# Transferring BTC from MultiBit Wallet to Coinbase



## suraswami (Mar 8, 2021)

Hello,

Few years ago when I mined using couple of my rigs I accumulated some BTC in MultiBit Wallet.  Didn't bother or not sure how to cash in I left the wallet alone.

Yesterday when I was cleaning up some of the old SSDs, I found the Wallet and was trying to transfer the contents to Coinbase account.

When I try to send, MultiBit complains about the Coinbase Address not valid.

Since MultiBit is very old and out of support it probably doesn't conform to new policies or something.

Can someone help with the steps I need to take to get this BTC transferred to Coinbase or other Wallets that are secure and current?

Thanks.


----------



## DeathtoGnomes (Mar 8, 2021)

I'd say contact Coinbase but their customer service is non-existent.
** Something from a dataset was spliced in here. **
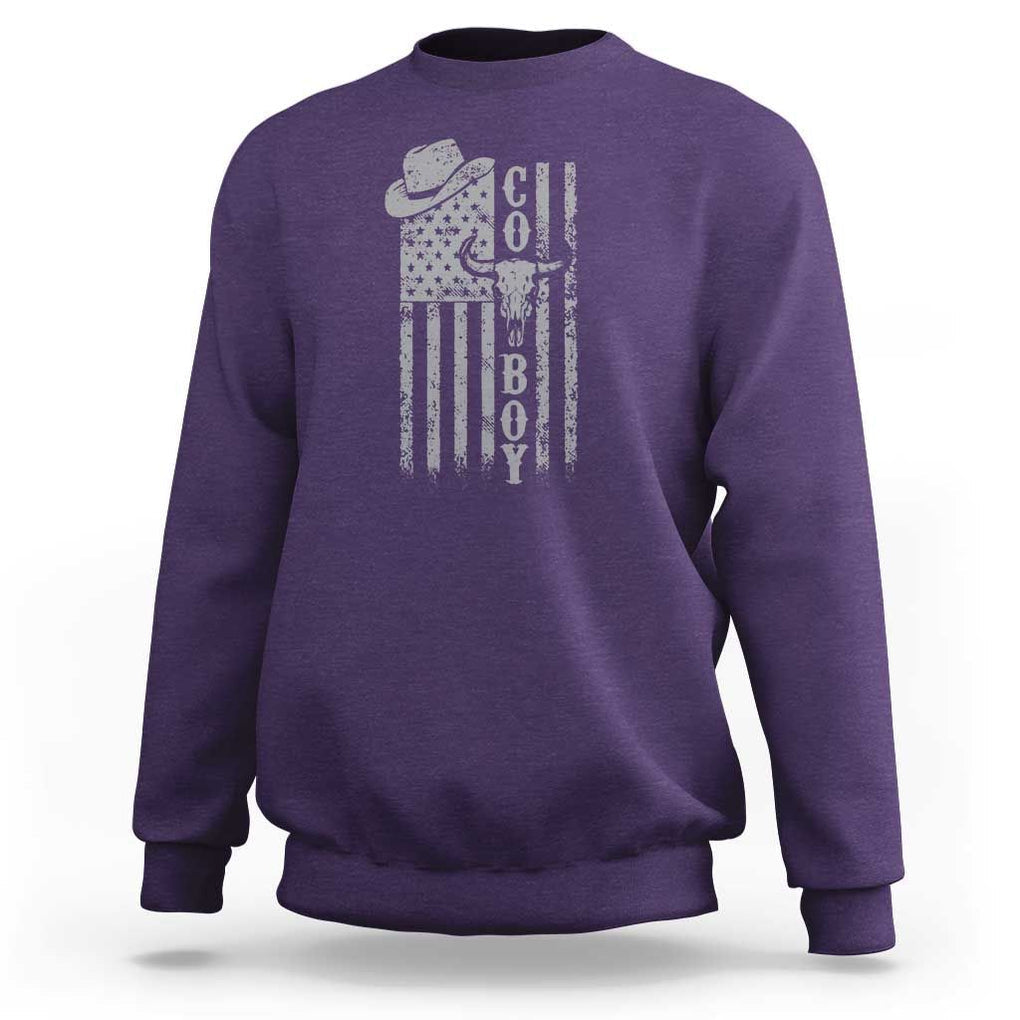Fourth Of July Western Country Sweatshirt Howdy American Flag Cowboy Texas Rodeo Cow Skull TS11 Purple Print Your Wear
I've been trying for months, and assume only Coinbase Pro customers get serviced.

All I can say is check the address, it might have scrolled off the screen.


----------



## Reverb256 (Mar 8, 2021)

There are older and newer types of BTC addresses (newer ones cost less fees to transfer, for example); try sending it to any different wallet (bitpay has a windows app, or there are lots of phone apps) or exchange like Binance or blockchain.com


----------



## suraswami (Mar 8, 2021)

It's the problem with MultiBit, anytime I have an address to send to and hit send, it complains that the address is invalid.


----------



## silentbogo (Mar 8, 2021)

Just sending cash to another wallet won't work. 
Found this article on the net, let's hope it helps:








						How to transfer Bitcoin from a Multibit Classic or Multibit HD wallet into Electrum
					

Multibit was one of the better Bitcoin wallets between 2011-2016. However, in 2019, both Multibit Classic and Multibit HD have been abandoned by its owner Keepkey and are no longer supported. …




					walletrecovery.info


----------



## suraswami (Mar 9, 2021)

I was able to export but no luck importing into Electrum.


----------



## Skywalker12345 (Mar 9, 2021)

do you have the private key/pass phrase? Im not familiar with Multibit but im guessing all you have is a WALLET/DAT file?


----------



## suraswami (Mar 9, 2021)

Skywalker12345 said:


> do you have the private key/pass phrase? Im not familiar with Multibit but im guessing all you have is a WALLET/DAT file?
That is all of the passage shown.